Evitiamo carta da fotocopia et similia, qui si fa la preistoria! Perciò niente leggerezze, meglio cartoncini delle confezioni alimentari, o di certi capi di abbigliamento, come le camice, o il più rinomato album da disegno robusto e liscio.
Si stende con generosità uno strato di pastello a olio chiaro, per esempio il giallo, coprendo tutta la superficie del foglio: con tutta si intende tutta, anche i bordi, anche gli angoli, si invada pure il foglio di giornale che è sotto, è lì per questo motivo.
Una volta completata la stesura, detta anche mano, si passa sopra uno strato di pastello a olio molto scuro, per esempio il nero. Non lesinare.
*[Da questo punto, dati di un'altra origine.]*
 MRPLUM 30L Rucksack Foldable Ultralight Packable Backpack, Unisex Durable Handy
Si procede incidendo con un moderno oggetto contundente (stuzzicadenti) la morbida superficie, ottenendo la sagoma desiderata che viene poi rivestita, graffio dopo graffio, da una calda pelliccia in grado di fronteggiare i ghiacci primordiali.
Voilà. 11 anni.
Mammut, Nicolò
Per realizzare questo mammut ci sono volute due ore di prove e tre ore di pittura a pastello a olio. Cinque ore di impegno nella vita di un preadolescente sono praticamente un’era geologica! Pertanto l’elaborato va ben oltre il mero risultato estetico: è prova dello sforzo profuso (silhouette), della cura (pelliccia), della finezza (pelliccia mossa dal vento), della forza (stabilità delle zampe). Questo non è un mammut è il ritratto di Nicolò.
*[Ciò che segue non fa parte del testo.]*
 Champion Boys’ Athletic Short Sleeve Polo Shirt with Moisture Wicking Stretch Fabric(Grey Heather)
Viene da chiedersi, data la tempistica, se questa non sia una tecnica troppo laboriosa. Lo è. Almeno quanto è laborioso sconfiggere la reticenza-pigrizia-paura di sporcarsi le mani, la maglietta e la faccia, o la sensazione diffusa di non essere capace di portare a termine il proprio lavoro, la propria battuta di caccia…. Laboriosa almeno quanto il bisogno di nutrirsi di quella stima e di quella fiducia in sé stessi e negli altri che non sono mai abbastanza, per tutta la vita.
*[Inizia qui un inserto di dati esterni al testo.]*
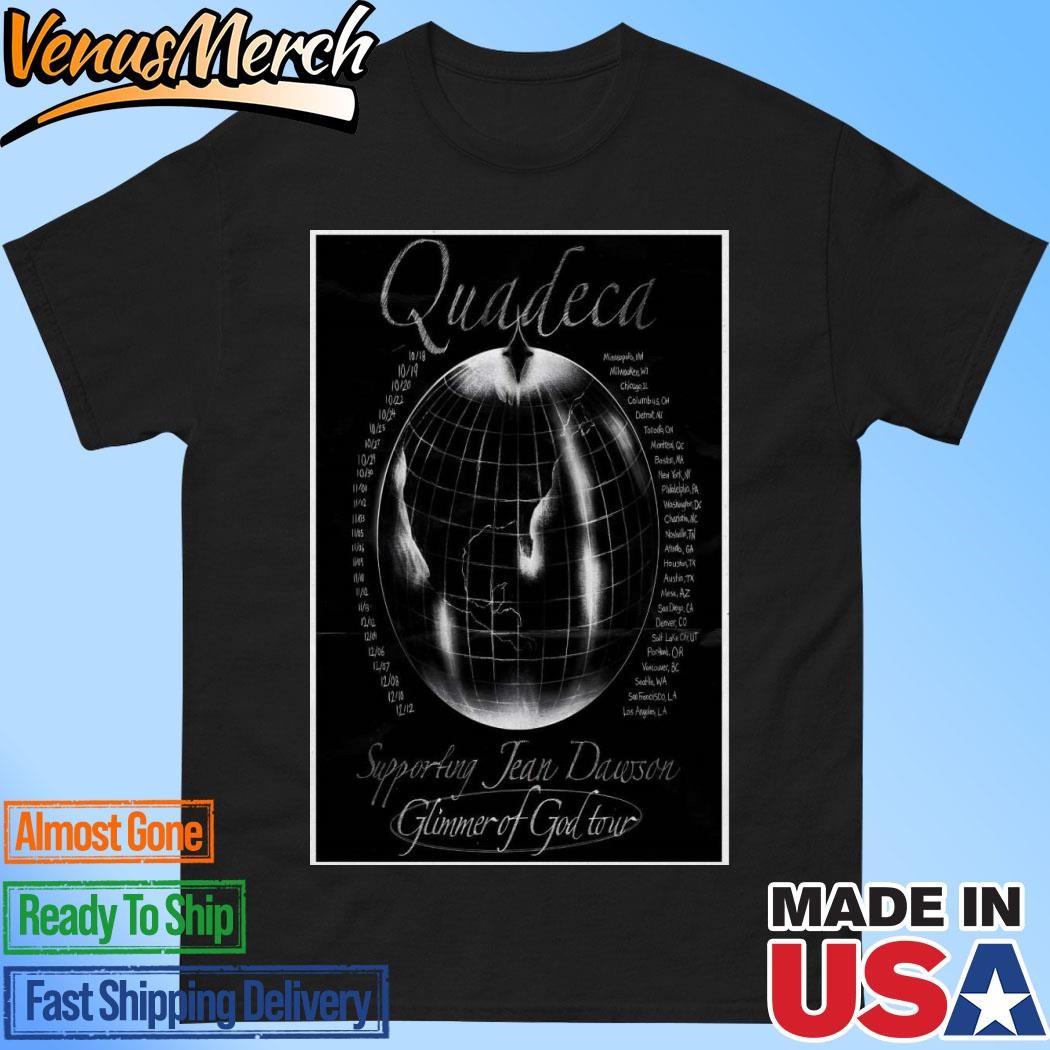 Official Quadeca 2024 Glimmer Of God Tour Poster Shirt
Oggi sappiamo, abbiamo la distanza per saperlo, che un atteggiamento entusiasta e dinamico può farci uscire dalla nostra grotta, ci può sfamare, far crescere, evolvere e ci permette attraverso il nostro operato di dare l’esempio, ispirando chi ci circonda. Ecco che il pastello a olio non è più solo una tecnica pittorica. Se usato con l’obiettivo di far emergere le nostre profonde emozioni, si trasforma in una metafora sul come affrontare le sfide e gli ostacoli del quotidiano. I quali, a qualche millennio di distanza, sono sempre gli stessi.
Eh già, non ci siamo inventati niente…pre-historia est magistra vitae.
C’est la vie – scena di caccia – Andrea, 12 anni.